* **WHAT YOU WILL DO**: In the listing beneath this line, copy exactly the lines starting with the one containing "Trademark Logo II" and going on through the one containing "2016 Ford F-150 Base".

* **EXTRACTED DATA**:
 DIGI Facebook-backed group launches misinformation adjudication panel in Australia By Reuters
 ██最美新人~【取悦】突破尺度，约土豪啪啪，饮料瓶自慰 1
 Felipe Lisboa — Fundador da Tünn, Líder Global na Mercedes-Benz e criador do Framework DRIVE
---
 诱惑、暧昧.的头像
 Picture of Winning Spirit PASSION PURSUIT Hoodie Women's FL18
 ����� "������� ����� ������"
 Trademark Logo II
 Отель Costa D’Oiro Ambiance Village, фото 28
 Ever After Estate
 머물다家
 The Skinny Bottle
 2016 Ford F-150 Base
...
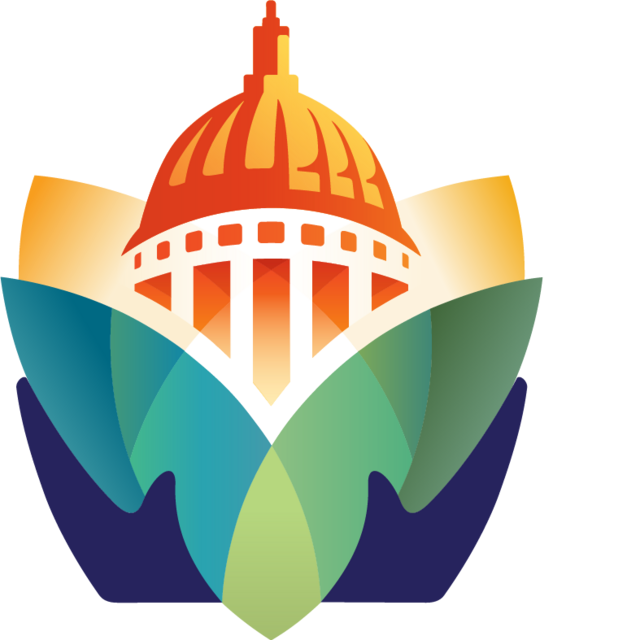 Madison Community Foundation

* **RESPONSE TO THIS EXERCISE**:
 Trademark Logo II
 Отель Costa D’Oiro Ambiance Village, фото 28
 Ever After Estate
 머물다家
 The Skinny Bottle
 2016 Ford F-150 Base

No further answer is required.